**TASK ITEM**: An exact copy of the listing is required, with its pictures removed.

[[ SUPPLIED DATA open ]]

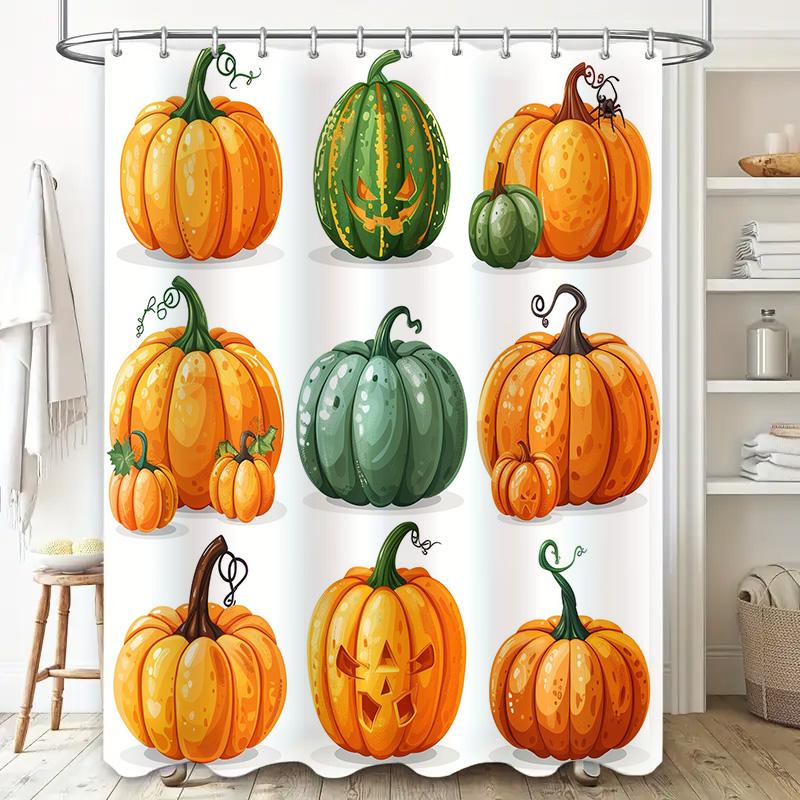 Hand-Painted Halloween Decorations3D Pumpkin Print Shower Curtain Set for Home Bathroom Decoration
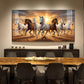 Running Horses In A Golden Sunset Glass Finish Horizontal Wall Art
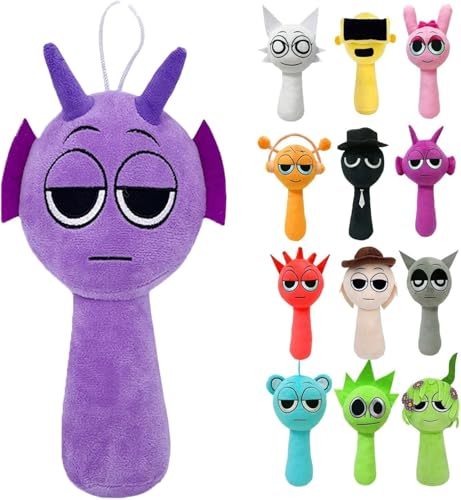 Sprunki Plush, Sprunki Plüschtier Geschenke für Fans, Sprunki Plüschtiere, Sprunki Game Plush Toys, Sprunki Plüschspielzeug, Sprunki Plush Figuren Doll, Sprunki Kuscheltie (Lila) von Generisch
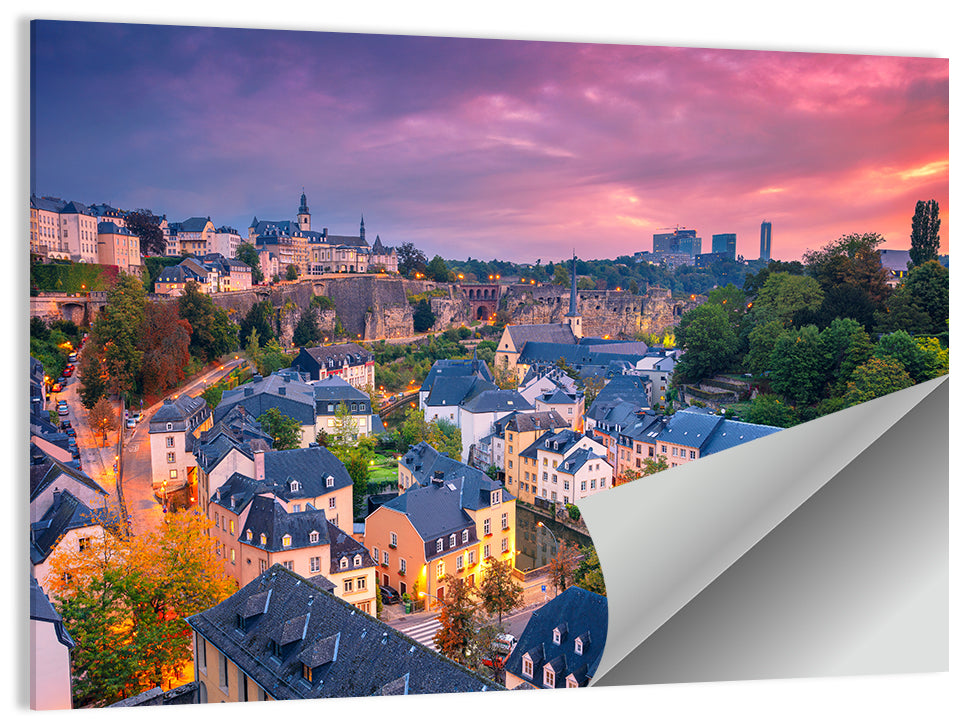 Luxembourg Grund at Dusk Wall Art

[[ SUPPLIED DATA closed ]]

**WRITTEN SOLUTION**:
 Hand-Painted Halloween Decorations3D Pumpkin Print Shower Curtain Set for Home Bathroom Decoration
 Running Horses In A Golden Sunset Glass Finish Horizontal Wall Art
 Sprunki Plush, Sprunki Plüschtier Geschenke für Fans, Sprunki Plüschtiere, Sprunki Game Plush Toys, Sprunki Plüschspielzeug, Sprunki Plush Figuren Doll, Sprunki Kuscheltie (Lila) von Generisch
 Luxembourg Grund at Dusk Wall Art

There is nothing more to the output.